Print exactly the lines below between the line holding "2 bed detached" and the line holding "Jerry Brown Holds", inclusive, and nothing more.

**Exercise material**
################
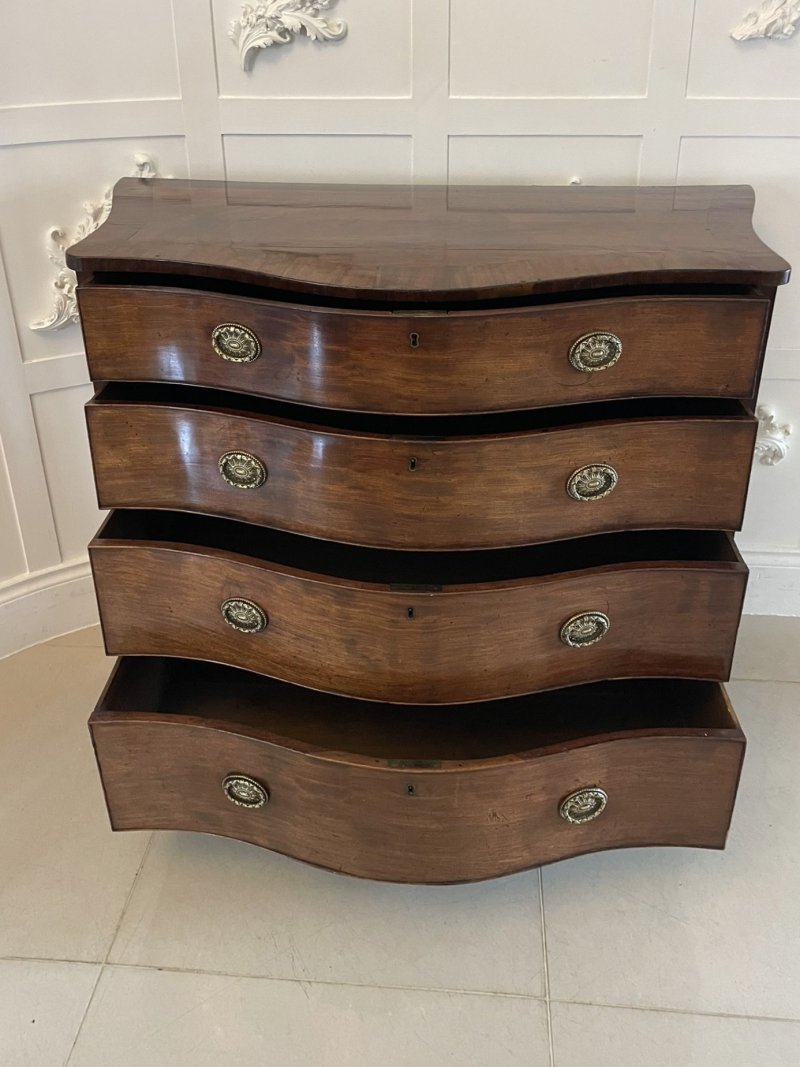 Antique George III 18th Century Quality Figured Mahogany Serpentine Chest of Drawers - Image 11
################
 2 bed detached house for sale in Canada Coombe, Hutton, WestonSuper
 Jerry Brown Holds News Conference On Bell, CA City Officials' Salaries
################
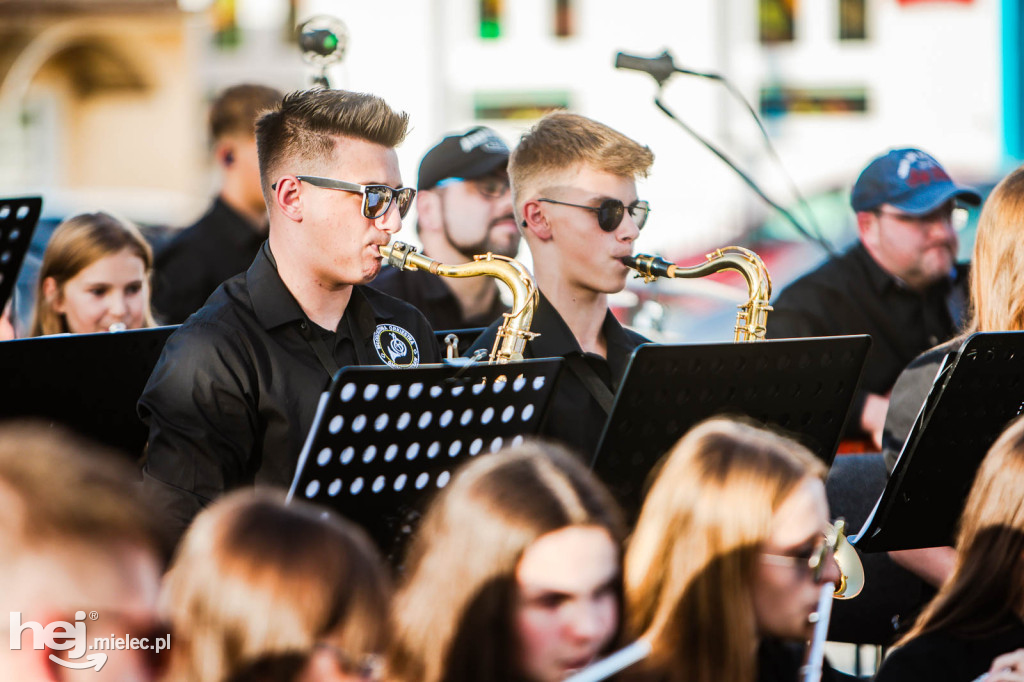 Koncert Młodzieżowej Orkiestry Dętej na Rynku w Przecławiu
################
**Exercise result**
 2 bed detached house for sale in Canada Coombe, Hutton, WestonSuper
 Jerry Brown Holds News Conference On Bell, CA City Officials' Salaries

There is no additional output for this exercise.